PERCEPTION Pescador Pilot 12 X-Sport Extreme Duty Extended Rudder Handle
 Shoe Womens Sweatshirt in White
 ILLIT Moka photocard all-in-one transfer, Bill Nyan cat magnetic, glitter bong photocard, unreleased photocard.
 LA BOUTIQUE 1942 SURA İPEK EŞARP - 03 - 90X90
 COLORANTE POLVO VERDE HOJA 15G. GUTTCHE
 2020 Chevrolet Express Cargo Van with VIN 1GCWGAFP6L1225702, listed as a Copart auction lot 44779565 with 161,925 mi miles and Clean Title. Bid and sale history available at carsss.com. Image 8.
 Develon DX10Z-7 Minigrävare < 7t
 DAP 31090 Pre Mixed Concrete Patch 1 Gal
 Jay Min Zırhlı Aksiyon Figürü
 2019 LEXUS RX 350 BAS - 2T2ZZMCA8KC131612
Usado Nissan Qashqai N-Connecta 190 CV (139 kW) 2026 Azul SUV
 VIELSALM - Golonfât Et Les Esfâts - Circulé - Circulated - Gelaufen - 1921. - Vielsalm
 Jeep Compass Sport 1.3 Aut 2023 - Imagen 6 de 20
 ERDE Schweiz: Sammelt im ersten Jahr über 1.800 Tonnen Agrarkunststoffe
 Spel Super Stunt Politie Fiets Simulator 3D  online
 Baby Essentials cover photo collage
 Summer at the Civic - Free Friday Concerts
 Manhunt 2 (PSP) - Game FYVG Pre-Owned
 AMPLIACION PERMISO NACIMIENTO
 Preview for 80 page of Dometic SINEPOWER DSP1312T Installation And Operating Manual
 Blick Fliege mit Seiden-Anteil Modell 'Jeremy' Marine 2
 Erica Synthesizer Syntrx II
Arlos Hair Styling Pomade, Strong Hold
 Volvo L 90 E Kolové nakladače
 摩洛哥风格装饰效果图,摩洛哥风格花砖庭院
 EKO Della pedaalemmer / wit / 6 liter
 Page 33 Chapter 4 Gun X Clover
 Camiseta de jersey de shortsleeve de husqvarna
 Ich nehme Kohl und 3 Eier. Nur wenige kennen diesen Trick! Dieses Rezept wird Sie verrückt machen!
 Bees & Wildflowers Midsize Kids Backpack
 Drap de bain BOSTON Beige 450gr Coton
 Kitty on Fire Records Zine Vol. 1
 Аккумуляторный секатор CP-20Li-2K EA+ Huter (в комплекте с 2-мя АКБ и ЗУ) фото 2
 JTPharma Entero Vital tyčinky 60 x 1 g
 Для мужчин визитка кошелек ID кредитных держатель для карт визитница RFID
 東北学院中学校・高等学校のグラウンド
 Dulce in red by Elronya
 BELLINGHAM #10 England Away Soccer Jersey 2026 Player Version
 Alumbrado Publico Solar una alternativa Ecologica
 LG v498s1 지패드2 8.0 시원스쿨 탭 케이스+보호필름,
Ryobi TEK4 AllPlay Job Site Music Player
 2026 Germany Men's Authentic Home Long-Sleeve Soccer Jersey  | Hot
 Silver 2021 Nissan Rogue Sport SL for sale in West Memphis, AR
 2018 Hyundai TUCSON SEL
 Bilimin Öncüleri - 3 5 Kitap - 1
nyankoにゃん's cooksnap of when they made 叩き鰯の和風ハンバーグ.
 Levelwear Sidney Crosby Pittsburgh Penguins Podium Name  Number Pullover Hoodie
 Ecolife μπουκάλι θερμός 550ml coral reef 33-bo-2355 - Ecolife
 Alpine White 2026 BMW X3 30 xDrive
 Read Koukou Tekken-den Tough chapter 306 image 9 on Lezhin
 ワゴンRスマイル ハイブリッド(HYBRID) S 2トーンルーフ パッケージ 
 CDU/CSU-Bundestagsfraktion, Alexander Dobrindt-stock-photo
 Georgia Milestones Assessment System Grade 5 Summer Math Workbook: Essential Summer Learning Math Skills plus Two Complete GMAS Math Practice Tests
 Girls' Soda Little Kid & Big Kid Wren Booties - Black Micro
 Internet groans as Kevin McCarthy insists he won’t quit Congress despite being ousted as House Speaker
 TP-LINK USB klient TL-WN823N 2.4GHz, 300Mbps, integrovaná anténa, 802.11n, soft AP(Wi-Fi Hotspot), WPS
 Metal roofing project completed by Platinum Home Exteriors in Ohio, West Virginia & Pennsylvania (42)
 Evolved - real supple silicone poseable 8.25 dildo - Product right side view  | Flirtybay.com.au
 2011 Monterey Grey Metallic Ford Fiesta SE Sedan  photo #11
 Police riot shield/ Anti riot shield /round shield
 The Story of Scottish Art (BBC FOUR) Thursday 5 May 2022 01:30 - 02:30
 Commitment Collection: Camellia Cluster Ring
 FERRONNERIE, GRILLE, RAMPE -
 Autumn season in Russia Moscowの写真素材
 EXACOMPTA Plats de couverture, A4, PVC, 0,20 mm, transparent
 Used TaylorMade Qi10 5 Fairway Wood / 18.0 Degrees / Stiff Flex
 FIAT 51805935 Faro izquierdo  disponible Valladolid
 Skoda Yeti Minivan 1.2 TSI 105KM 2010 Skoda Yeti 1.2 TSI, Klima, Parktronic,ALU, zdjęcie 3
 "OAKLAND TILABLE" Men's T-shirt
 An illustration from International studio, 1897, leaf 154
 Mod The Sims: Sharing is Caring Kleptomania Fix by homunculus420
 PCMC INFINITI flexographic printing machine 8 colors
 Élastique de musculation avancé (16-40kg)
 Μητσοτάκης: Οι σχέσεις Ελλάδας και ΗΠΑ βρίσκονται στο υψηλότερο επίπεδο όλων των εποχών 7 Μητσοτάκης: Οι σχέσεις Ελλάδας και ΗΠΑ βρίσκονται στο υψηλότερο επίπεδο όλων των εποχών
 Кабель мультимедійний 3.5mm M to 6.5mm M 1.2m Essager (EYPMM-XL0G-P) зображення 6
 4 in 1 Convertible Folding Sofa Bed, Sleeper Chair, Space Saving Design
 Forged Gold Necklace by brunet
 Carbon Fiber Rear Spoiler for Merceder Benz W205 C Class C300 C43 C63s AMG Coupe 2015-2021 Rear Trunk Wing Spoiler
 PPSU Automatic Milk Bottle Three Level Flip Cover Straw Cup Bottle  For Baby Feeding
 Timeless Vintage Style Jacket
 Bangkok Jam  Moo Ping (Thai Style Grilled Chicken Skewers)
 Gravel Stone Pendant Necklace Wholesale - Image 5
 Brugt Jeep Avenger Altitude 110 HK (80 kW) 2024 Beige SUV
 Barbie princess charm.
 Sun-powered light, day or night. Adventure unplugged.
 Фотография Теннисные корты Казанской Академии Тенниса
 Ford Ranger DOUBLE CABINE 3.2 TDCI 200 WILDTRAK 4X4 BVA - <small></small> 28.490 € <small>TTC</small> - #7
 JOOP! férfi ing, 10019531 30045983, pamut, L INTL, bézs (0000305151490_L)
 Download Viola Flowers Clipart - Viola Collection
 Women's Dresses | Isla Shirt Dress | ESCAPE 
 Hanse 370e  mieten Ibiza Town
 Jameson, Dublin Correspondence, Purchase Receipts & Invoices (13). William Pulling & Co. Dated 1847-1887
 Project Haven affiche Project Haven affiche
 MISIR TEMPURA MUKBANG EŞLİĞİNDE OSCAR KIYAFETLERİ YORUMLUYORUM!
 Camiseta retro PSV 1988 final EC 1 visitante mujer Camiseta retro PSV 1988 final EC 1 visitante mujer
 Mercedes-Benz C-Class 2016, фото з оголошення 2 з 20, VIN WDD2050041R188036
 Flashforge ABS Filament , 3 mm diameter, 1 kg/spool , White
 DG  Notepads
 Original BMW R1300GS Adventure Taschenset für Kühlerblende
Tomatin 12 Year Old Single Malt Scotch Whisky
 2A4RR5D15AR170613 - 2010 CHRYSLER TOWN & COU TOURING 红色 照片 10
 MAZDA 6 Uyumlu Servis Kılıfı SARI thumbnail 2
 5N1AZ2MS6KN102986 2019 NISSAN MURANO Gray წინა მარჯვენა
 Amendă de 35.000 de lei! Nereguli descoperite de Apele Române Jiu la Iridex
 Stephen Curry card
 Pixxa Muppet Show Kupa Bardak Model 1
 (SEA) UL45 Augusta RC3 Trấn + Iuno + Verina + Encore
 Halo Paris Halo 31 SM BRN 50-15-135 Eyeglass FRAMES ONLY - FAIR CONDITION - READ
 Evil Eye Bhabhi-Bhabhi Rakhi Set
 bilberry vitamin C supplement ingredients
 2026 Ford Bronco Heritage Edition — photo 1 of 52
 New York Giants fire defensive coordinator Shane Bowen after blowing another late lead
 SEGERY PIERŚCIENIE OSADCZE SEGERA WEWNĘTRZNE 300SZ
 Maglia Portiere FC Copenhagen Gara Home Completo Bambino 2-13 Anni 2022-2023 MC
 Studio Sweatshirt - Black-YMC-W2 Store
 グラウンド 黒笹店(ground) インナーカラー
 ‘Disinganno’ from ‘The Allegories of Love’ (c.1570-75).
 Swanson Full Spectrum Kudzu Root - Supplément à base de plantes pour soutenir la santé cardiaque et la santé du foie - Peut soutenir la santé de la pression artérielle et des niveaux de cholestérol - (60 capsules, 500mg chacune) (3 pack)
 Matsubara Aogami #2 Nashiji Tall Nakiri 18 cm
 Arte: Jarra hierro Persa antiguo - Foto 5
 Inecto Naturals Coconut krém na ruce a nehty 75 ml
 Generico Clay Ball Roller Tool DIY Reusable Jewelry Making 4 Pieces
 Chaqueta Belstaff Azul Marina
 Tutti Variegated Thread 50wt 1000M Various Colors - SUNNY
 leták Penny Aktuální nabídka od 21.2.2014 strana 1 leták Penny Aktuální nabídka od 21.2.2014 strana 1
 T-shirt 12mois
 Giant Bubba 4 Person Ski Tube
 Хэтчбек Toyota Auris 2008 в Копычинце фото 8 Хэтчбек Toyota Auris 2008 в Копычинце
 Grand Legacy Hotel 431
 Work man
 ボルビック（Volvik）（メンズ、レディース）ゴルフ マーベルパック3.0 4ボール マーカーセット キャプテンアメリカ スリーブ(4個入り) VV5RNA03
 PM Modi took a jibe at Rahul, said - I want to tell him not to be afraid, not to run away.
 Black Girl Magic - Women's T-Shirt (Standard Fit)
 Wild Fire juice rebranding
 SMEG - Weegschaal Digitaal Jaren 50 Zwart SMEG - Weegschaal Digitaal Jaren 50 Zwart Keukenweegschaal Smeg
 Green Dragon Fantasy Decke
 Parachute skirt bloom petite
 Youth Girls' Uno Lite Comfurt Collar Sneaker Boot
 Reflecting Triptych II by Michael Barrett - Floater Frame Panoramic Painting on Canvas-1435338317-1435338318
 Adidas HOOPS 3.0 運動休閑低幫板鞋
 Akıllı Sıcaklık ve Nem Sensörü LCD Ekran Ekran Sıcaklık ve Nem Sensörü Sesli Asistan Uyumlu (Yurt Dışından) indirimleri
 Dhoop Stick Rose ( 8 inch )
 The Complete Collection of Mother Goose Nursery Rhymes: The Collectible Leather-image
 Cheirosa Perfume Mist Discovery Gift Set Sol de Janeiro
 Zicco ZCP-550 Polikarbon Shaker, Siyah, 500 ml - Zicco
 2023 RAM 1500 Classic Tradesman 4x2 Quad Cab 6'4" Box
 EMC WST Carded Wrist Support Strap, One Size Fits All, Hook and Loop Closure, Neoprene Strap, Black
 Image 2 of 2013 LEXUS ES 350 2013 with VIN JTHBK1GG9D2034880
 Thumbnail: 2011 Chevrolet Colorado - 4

***

Problem details: Write out, from the lines above, only those from the line with "Alpine White 2026 BMW X3 30 xDrive" to the line with "Georgia Milestones Assessment", exactly as given, including the first and the last.

Solution to this problem:
 Alpine White 2026 BMW X3 30 xDrive
 Read Koukou Tekken-den Tough chapter 306 image 9 on Lezhin
 ワゴンRスマイル ハイブリッド(HYBRID) S 2トーンルーフ パッケージ 
 CDU/CSU-Bundestagsfraktion, Alexander Dobrindt-stock-photo
 Georgia Milestones Assessment System Grade 5 Summer Math Workbook: Essential Summer Learning Math Skills plus Two Complete GMAS Math Practice Tests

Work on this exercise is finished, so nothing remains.